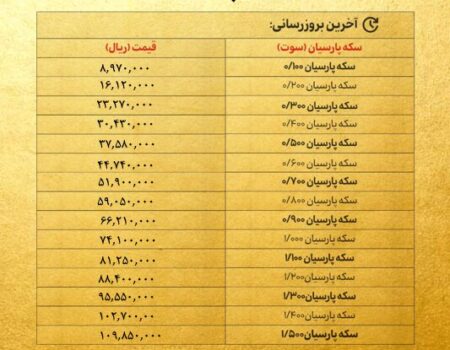 قیمت سکه پارسیان امروز پنجشنبه ۱۹ تیر ۱۴۰۴ + جدول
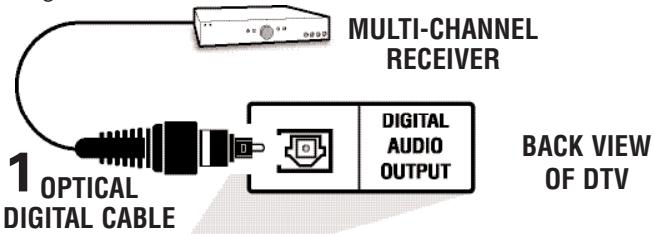 SANYO HT32546 - CONNECTING DIGITAL AUDIO OUT JACK TO A MULTI-CHANNEL RECEIVER - 1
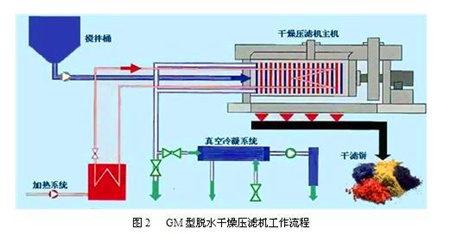 隔膜压滤机首次使用需要注意什么？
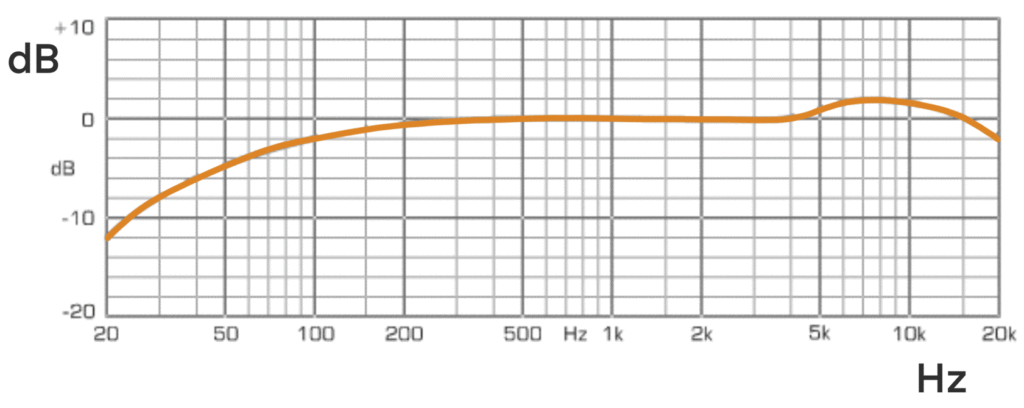 Neumann KM 184 frequency response chart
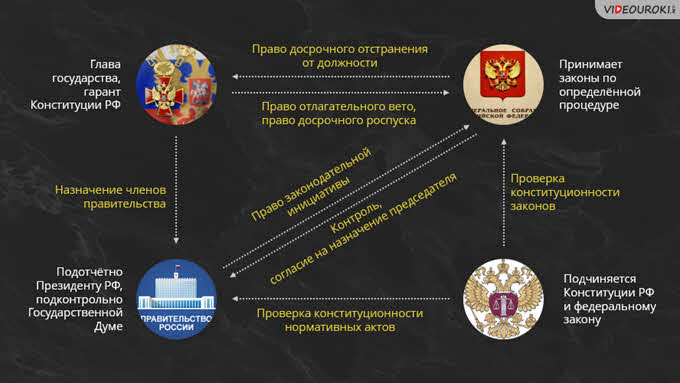 Верховенство закона законность и правопорядок разделение властей 10 класс презентация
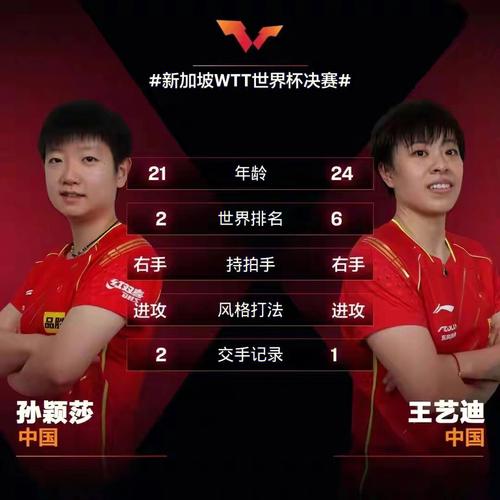 孙颖莎世界杯2001?孙颖莎拿过世界杯冠军吗 孙颖莎世界杯2001?孙颖莎拿过世界杯冠军吗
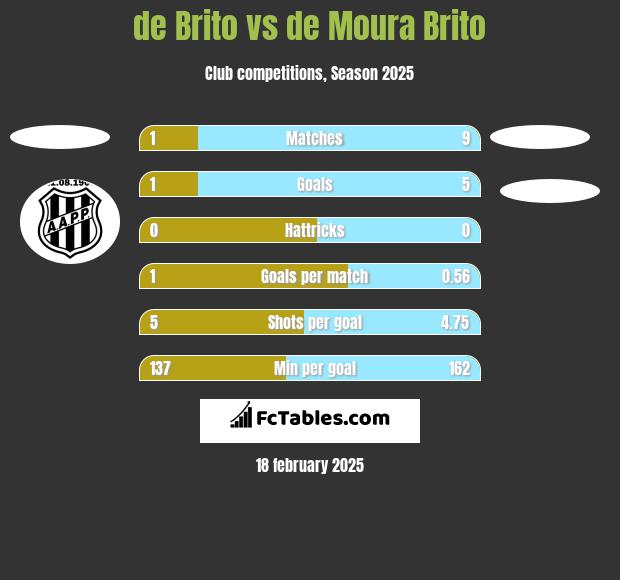 de Brito vs de Moura Brito h2h player stats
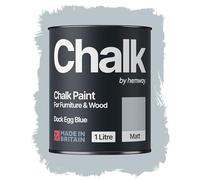 Hemway Chalk Paint Duck Egg Blue 1L, Matt Finish Shabby Chic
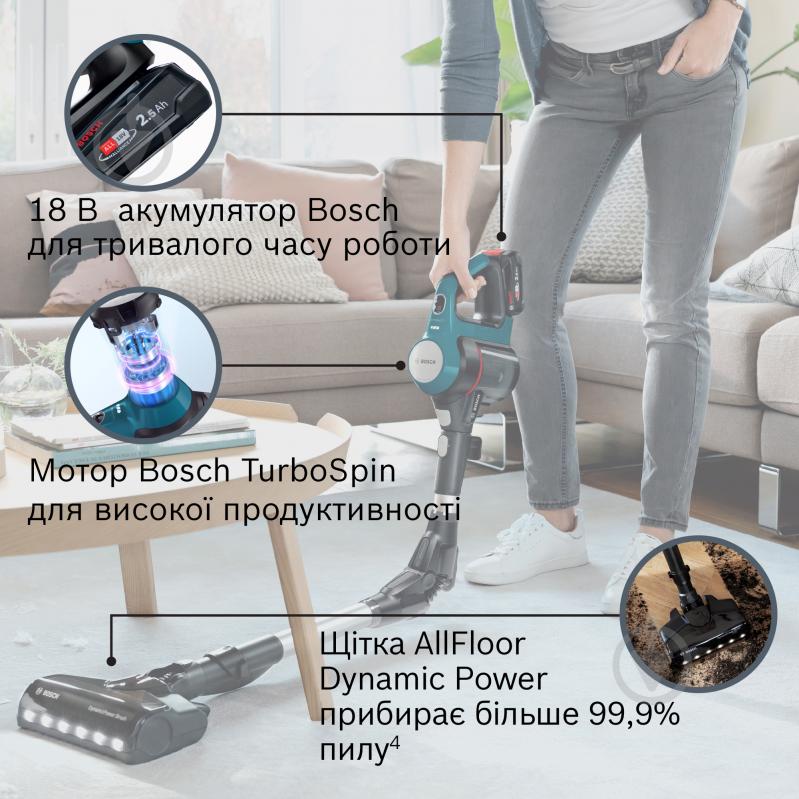 Пылесос аккумуляторный Bosch BSS71125AH Unlimited 7 blue - фото 3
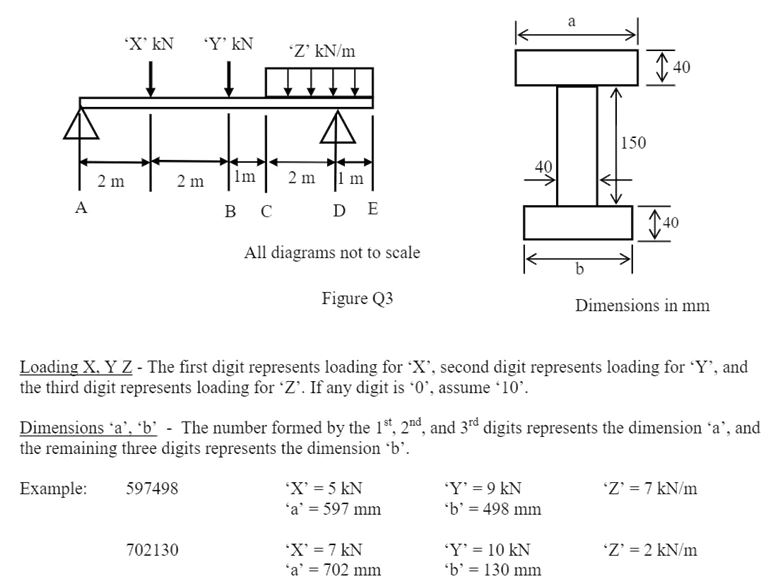 Figure Q3 shows an 8m long I beam simply supported at A and D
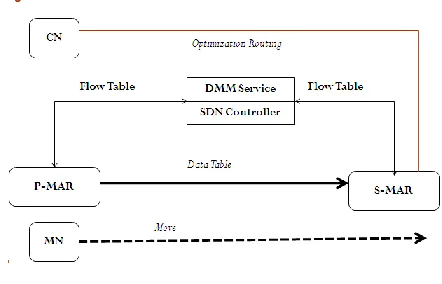 Figure. 4 SaDMM 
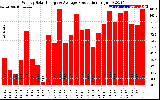 Solar PV/Inverter Performance Weekly Solar Energy Production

Problem details: Please reproduce the listing exactly, leaving out any pictures.

Solved problem:
 قیمت سکه پارسیان امروز پنجشنبه ۱۹ تیر ۱۴۰۴ + جدول
 SANYO HT32546 - CONNECTING DIGITAL AUDIO OUT JACK TO A MULTI-CHANNEL RECEIVER - 1
 隔膜压滤机首次使用需要注意什么？
 Neumann KM 184 frequency response chart
 Верховенство закона законность и правопорядок разделение властей 10 класс презентация
 孙颖莎世界杯2001?孙颖莎拿过世界杯冠军吗 孙颖莎世界杯2001?孙颖莎拿过世界杯冠军吗
 de Brito vs de Moura Brito h2h player stats
 Hemway Chalk Paint Duck Egg Blue 1L, Matt Finish Shabby Chic
 Пылесос аккумуляторный Bosch BSS71125AH Unlimited 7 blue - фото 3
 Figure Q3 shows an 8m long I beam simply supported at A and D
 Figure. 4 SaDMM 
 Solar PV/Inverter Performance Weekly Solar Energy Production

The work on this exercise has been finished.